Consider the polynomial $f(X)=X^{4}+aX^{2}+b \in F[X]$ such that $f$ is irreducible over $F$.
Suppose $\alpha$ is a root of $f(X)$ and let $K=F(\alpha)$. Prove that there exists a subfield $L$ of $K$ such that $[L:F]=2$.
How do I prove this claim? Any help will be appreciated. Thanks.
Set $\beta = \alpha^2,$ and notice that $\beta$ solves $X^2 + aX + b.$ So $L = F(\beta)$ has degree either 1 or 2.

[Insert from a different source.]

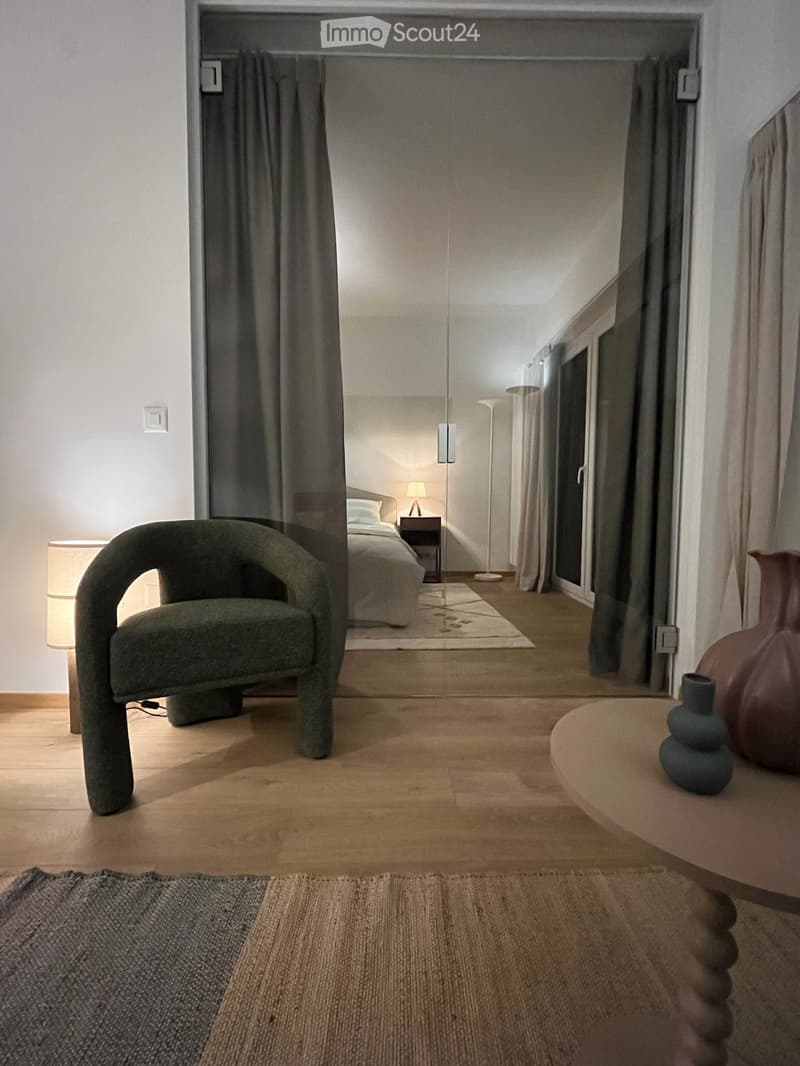 Modern living space with a dark green armchair, round wooden table with vases, and a visible bedroom area with a bed and nightstand.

But if $L$ had degree 1, then $\beta \in F$. We can use this to factor $X^4 + aX^2 + b$ as follows, contradicting its irreducibility. Let $\beta' = -a - \beta.$
Since $\beta^2 + a\beta + b = 0,$ plugging in $a = -\beta'-\beta$ we get $\beta^2 -\beta\beta' -\beta^2 + b = 0,$ so that $\beta\beta' = b.$
So now factor your polynomial as
$$(X^2 - \beta)(X^2 - \beta') = X^4 + aX^2 + \beta\beta' = X^4 + aX^2 + b,$$ contradicting its irreducibility. Therefore $\beta\not\in F,$ and so $[L : F] = 2.$